• **Data for analysis**
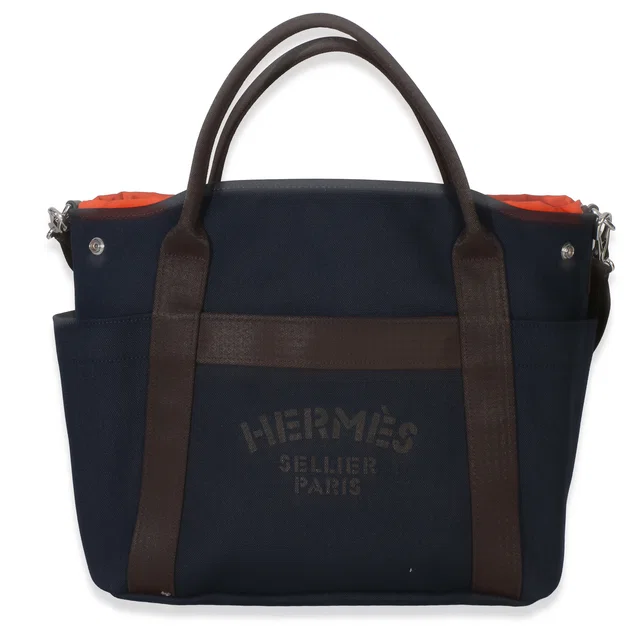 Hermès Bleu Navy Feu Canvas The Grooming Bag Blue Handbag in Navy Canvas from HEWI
---
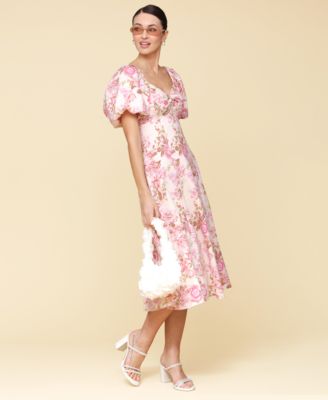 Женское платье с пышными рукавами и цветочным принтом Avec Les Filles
--
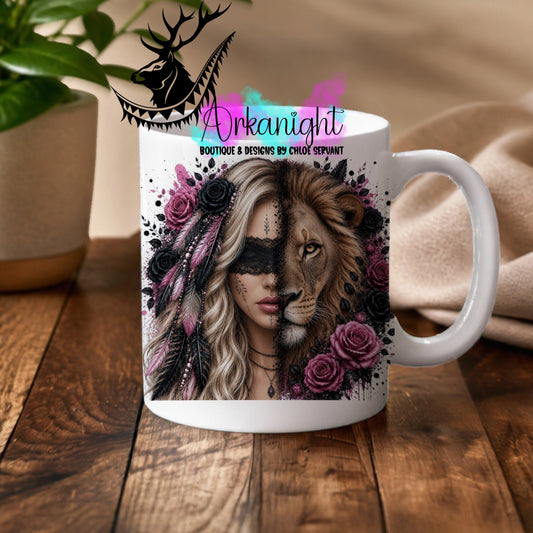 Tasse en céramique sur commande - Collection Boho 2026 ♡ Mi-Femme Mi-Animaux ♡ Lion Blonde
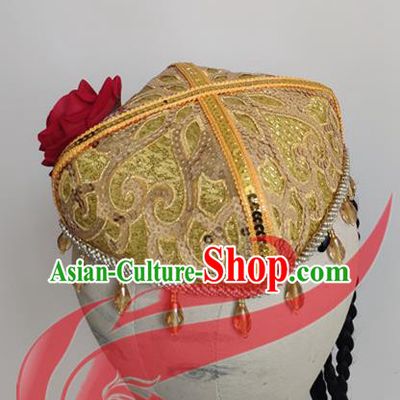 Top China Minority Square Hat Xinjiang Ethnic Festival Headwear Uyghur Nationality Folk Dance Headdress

• **Exercise objective**
Look above for the line with "Tasse en céramique" and the line with "Top China Minority", then restate exactly those two lines and all lines between them, with no pictures.

• **Solution for this exercise**
 Tasse en céramique sur commande - Collection Boho 2026 ♡ Mi-Femme Mi-Animaux ♡ Lion Blonde
 Top China Minority Square Hat Xinjiang Ethnic Festival Headwear Uyghur Nationality Folk Dance Headdress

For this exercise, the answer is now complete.